Tandis que certaines de ses interventions très fermes sont ignorées, comme celle de vendredi dernier, contre l'avortement, l'euthanasie et pour la famille naturelle homme-femme («il faut réaffirmer le droit de l'enfant de grandir dans une famille avec un papa et une maman capable de créer un environnement propice à son développement et sa maturité affective. Continuant à mûrir en relation à la masculinité et à la féminité d'un père et d'une mère»).

Le Pape - en référence claire à l'actualité - a également invité à «soutenir le droit des parents à l'éducation morale et religieuse de leurs enfants. «À cet égard, a-t-il ajouté, je tiens à exprimer mon refus de toute forme d'expérimentation éducative avec les enfants. Avec les enfants et les jeunes, on ne paut pas expérimenter. Ce ne sont pas des cobayes!
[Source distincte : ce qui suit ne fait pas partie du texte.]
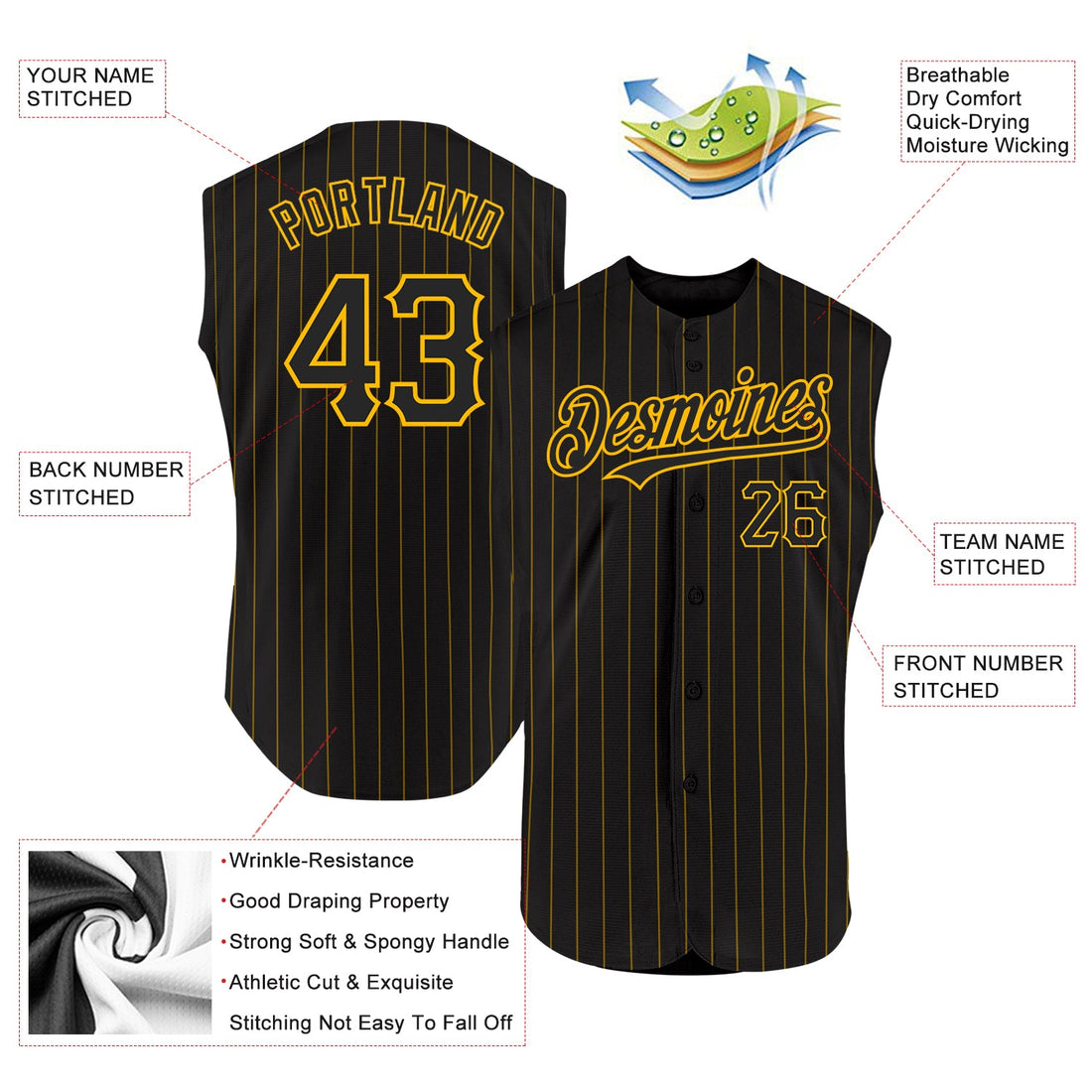 Custom Black Gold Pinstripe Purple Authentic Sleeveless Baseball Jersey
Les horreurs de la manipulation éducative que nous avons vécue dans les grandes dictatures génocides du XXe siècle n'ont pas disparu; elles conservent leur propre actualité sous des formes et des propositions différentes qui, avec le prétexte de la modernité, poussent les enfants et les jeunes à marcher sur la route dictatoriale de la "pensée unique"» (discours au Bureau international catholique de l’enfance (BICE), 11 avril 2014).

Dans la nuit de la "pensée unique", ces mots sont lumière et liberté pour tous, comme l'étaient ceux de Wojtyla et de Ratzinger.